I’ve spent the majority of my career in education. I’ve spent the majority of my adult life active in politics. I love technology. It’s amazing how far behind in technology and innovation both the education and government sectors are. Both are systems that were invented in days gone by and both stubbornly resist change, as flexible as concrete highway barriers.

When I saw Gavin Newsom’s book “Citizenville – How To Take The Town Square Digital and Reinvent Government” at the book store, I knew before I even read the dust jacket that it was going home with me. I also knew that all other books in progress were headed back to the pile until this one was done.

Newsom himself is an interesting guy. A successful and innovative businessman and in 2003 elected San Francisico’s youngest mayor in 100 years. Currently, Newsom holds the post of Lt. Governor of California.

The book itself, is one of the best books I’ve read in a while. Not only is it easy reading, but it addresses, with examples of real life successes, the idea that government is woefully behind the times, and that through a sharing of data and an invitation to the tech sector, great things can happen to make government easier and more accessible.

“Government right now is functioning on the cutting edge – of 1973,” Newsom says early in the book,”In the private sector and in our personal lives, absolutely everything has changed over the last decade. In government, very little has.”

The advent of smartphones and internet access has changed the way we do everything, except govern. Instant access to real time information is transforming the way we live our lives. Newspapers and the standard 6pm and 11pm newscasts are in decline because we heard it on Twitter when it actually happened hours earlier. When the Buffalo Bills make a trade, I know about it immediately, I don’t have to wait until the traditional media tells me about it at prescribed times. That changes everything.
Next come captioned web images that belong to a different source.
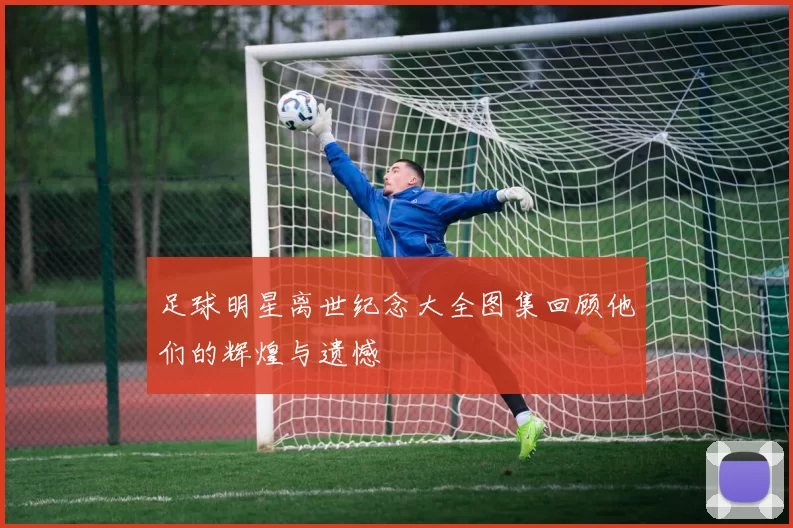 足球明星离世纪念大全图集回顾他们的辉煌与遗憾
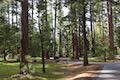 Fallen Leaf Campground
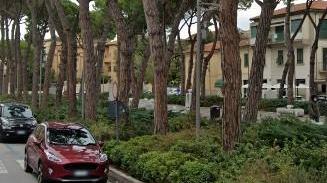 Lavori per il nuovo asfalto in piazza Garibaldi e nelle zone limitrofe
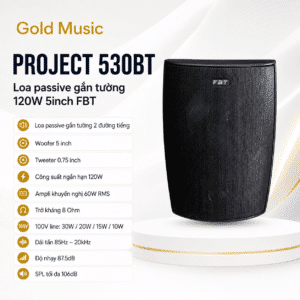 project 530bt loa passive gan tuong 120w 5inch fbt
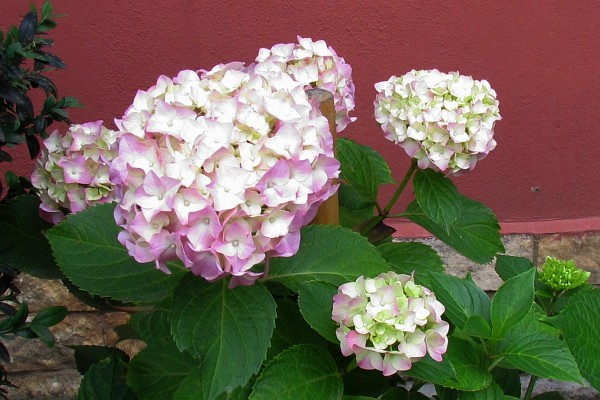 white edged in purple Hydrangea blooms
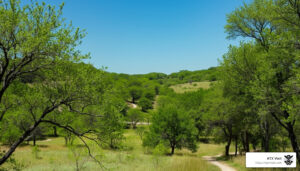 Walk the Walk: Exploring Downtown Austin on Foot (2026) 8 Hike the Heights: Exploring Austin’s River Place Nature Trail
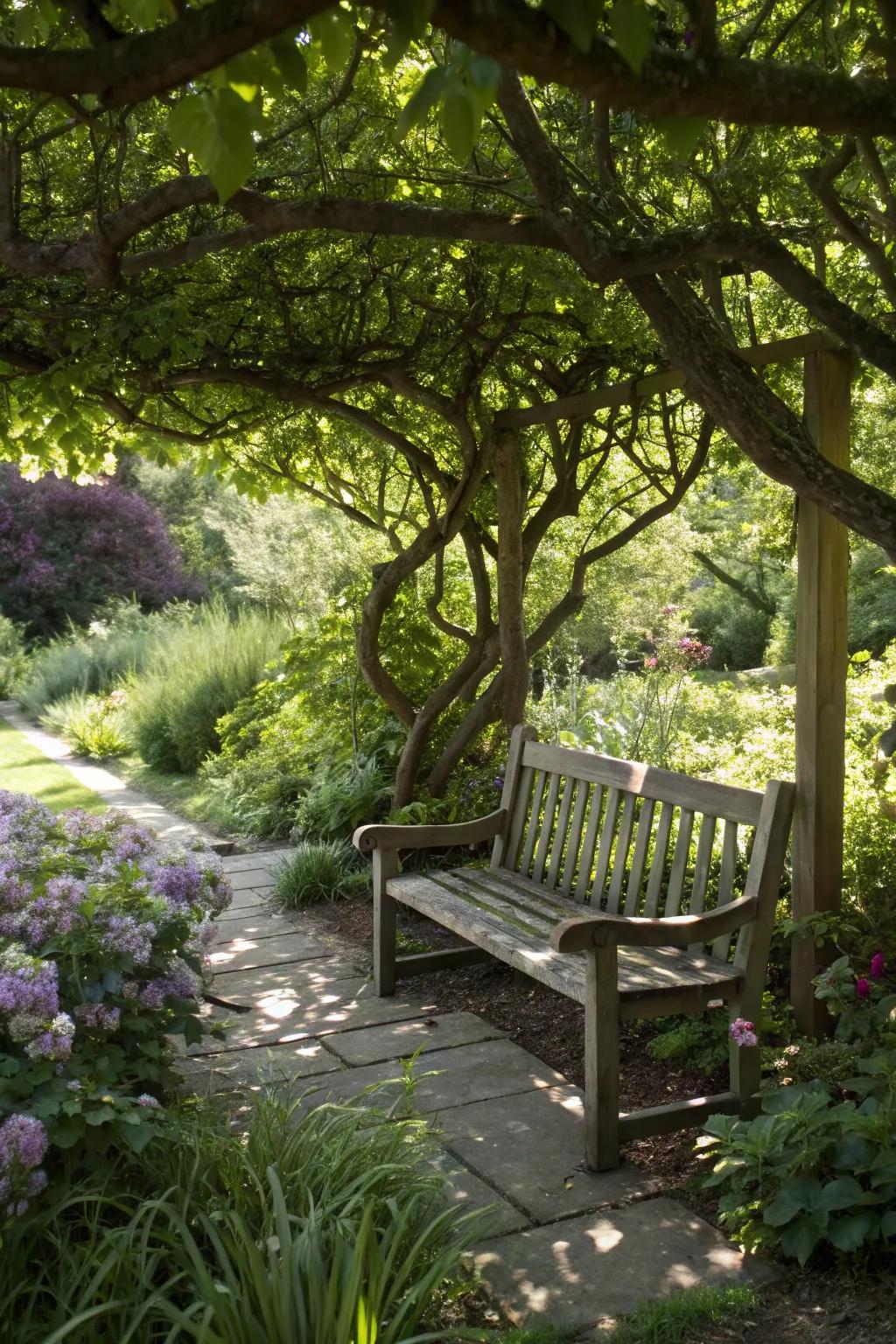 A creative bench with tree limbs as natural supports.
Newsom’s book is filled with examples of his and other government’s successes. He made the piles of data that the city of San Francisco available to the public. When all of that data becomes available, smart people turn it into useful apps for the public. Google Earth is an example of what happens when government data, this time in the form of satellite imagery, is made available to the public. Also, websites like opensecrets.org and influenceexplorer.com use the government data collected from election finance reports to let you see who is making donations to your favorite politician. Great tools, made possible with the opening up of data collected by the government.

The first of two great examples of the coming wave of government/private sector technology collaboration was the founding of Code for America, a not-for-profit organization that provides tech fellows to governments for short term projects. The other was San Francisco’s “Summer of Smart” , a three month program of hack-a-thons and other events aimed it merging technology and government. Initially an experiment, the program brought together computer coders, activists, and designers to create good and useful apps for the city.

The apps created out of these collaborations don’t have to be big, lofty projects that allow people to participate in government, although that would be nice too. Philadelphia has an amazing collection of public art murals throughout the city. One group was able to collect the information on the murals and where they are, and put together an iPhone app regarding the murals. The moral of the story is that quality of life and collaboration with government comes in all shapes and sizes. In a time where money is in tight supply, something as simple as making data available can turn into some great opportunities to make our lives better.

There is so much in this book, that I couldn’t possibly cover it all. I actually put over a hundred Post-It note tabs in the book to revisit later. My favorite idea, however, is the idea that we can include the philosophy of gaming in our movement to make government better. The name of the book “Citizenville” was derived from the popular internet/Facebook game “Farmville”. The game involves tending to and expanding an imaginary farm. Hundreds of millions of people play it. Last year, Zynga, the game’s developer raked in close to a billion real bucks as people bought fake things for their fake farms.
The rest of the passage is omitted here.